- [ACTION ITEM]: Would you repeat exactly the part of the listing below that runs from the line containing "MOST WANTED Denim" down to the line containing "Ideal 171050 Dhw Inlet/Outlet Pipe Kit Isar", inclusive, and nothing else?

- [DATA IN THIS EXERCISE]:
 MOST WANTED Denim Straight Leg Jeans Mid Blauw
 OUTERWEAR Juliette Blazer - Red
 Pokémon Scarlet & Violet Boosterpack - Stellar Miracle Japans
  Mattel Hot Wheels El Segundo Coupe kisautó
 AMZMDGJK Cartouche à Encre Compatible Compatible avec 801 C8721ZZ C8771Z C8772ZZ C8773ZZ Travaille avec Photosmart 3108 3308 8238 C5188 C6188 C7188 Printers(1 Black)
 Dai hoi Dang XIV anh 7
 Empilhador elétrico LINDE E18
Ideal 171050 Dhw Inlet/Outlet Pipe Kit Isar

--

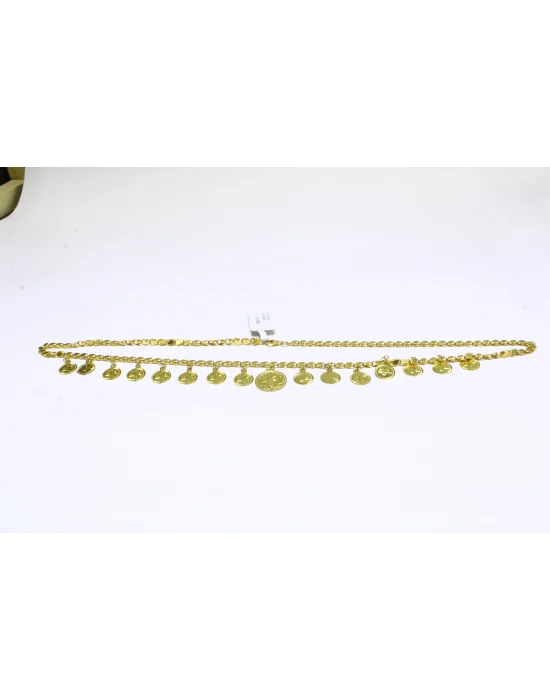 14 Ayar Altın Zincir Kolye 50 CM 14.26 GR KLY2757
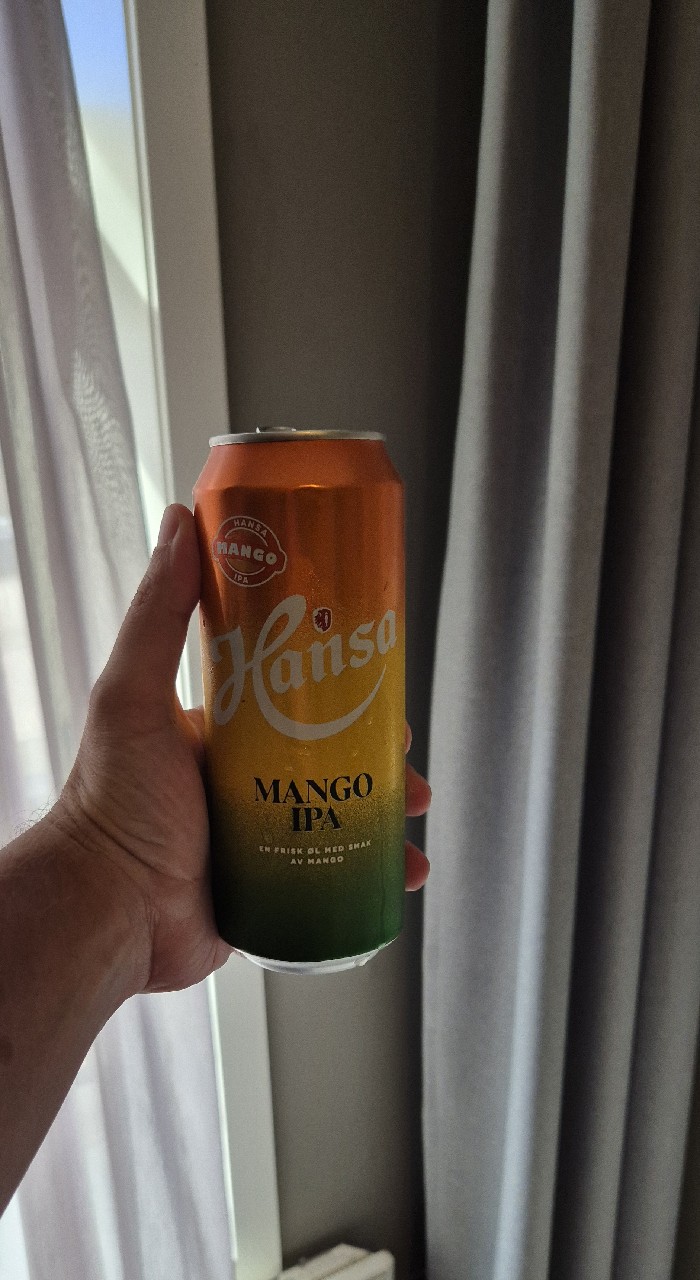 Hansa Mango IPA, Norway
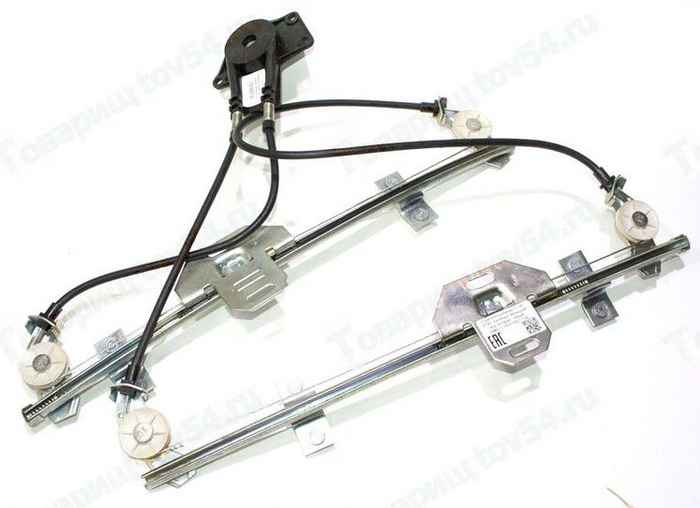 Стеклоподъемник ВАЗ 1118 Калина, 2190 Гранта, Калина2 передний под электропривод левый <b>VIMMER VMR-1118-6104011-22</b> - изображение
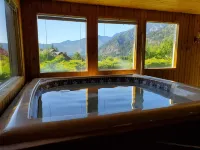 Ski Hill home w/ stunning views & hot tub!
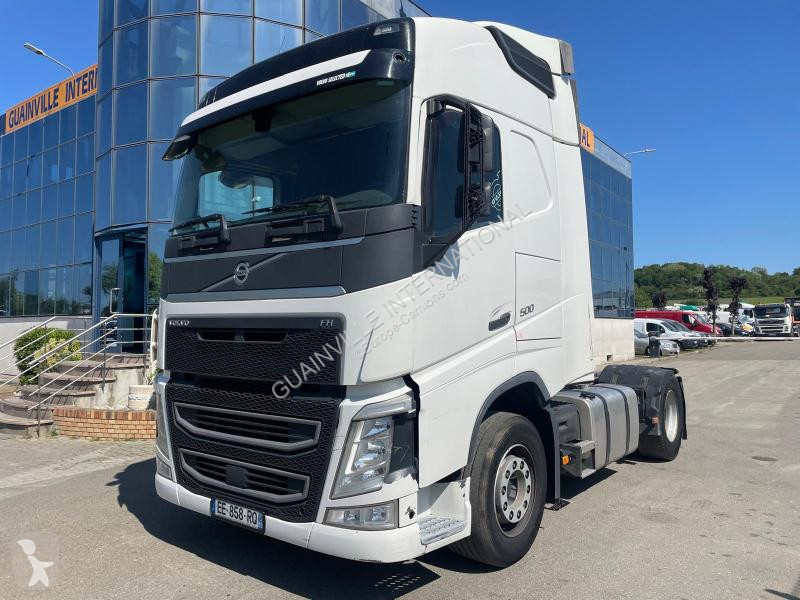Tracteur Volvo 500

- [FINISHED EXERCISE]:
 MOST WANTED Denim Straight Leg Jeans Mid Blauw
 OUTERWEAR Juliette Blazer - Red
 Pokémon Scarlet & Violet Boosterpack - Stellar Miracle Japans
  Mattel Hot Wheels El Segundo Coupe kisautó
 AMZMDGJK Cartouche à Encre Compatible Compatible avec 801 C8721ZZ C8771Z C8772ZZ C8773ZZ Travaille avec Photosmart 3108 3308 8238 C5188 C6188 C7188 Printers(1 Black)
 Dai hoi Dang XIV anh 7
 Empilhador elétrico LINDE E18
Ideal 171050 Dhw Inlet/Outlet Pipe Kit Isar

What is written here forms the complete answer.